====== DATA EXTRACT ======

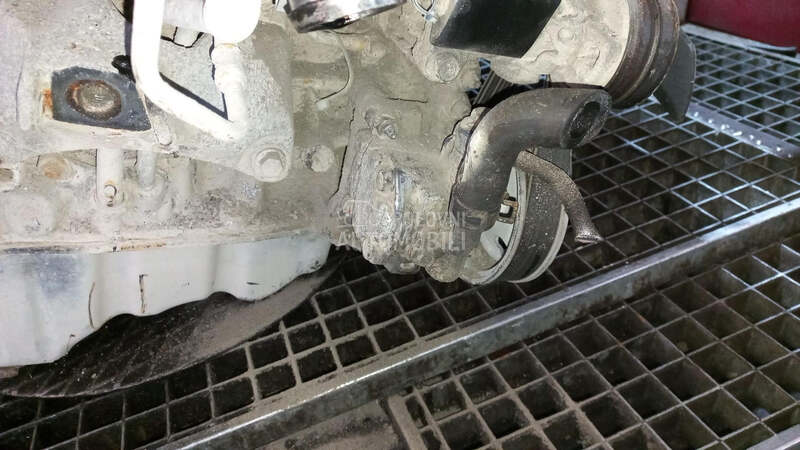 SERVO PUMPA za Ford Ranger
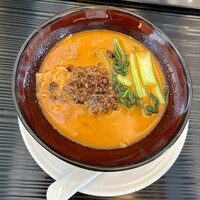 中国料理 カリュウ(ヨコハマ グランド インターコンチネンタル ホテル) - 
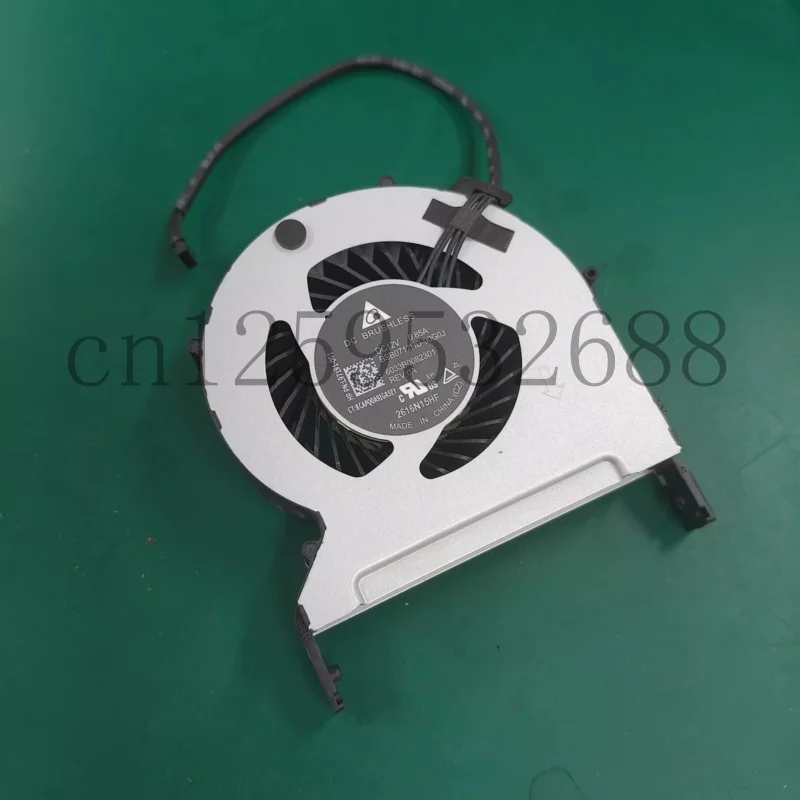 New For HP Z2 MINI G5 GPU Cooling Fan DC 12V 0.85A 4Pin L97191-001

======

[WHAT TO PRODUCE]
Everything above except the pictures needs to be reproduced exactly.

[ANSWER FOR THIS EXERCISE]
 SERVO PUMPA za Ford Ranger
 中国料理 カリュウ(ヨコハマ グランド インターコンチネンタル ホテル) - 
 New For HP Z2 MINI G5 GPU Cooling Fan DC 12V 0.85A 4Pin L97191-001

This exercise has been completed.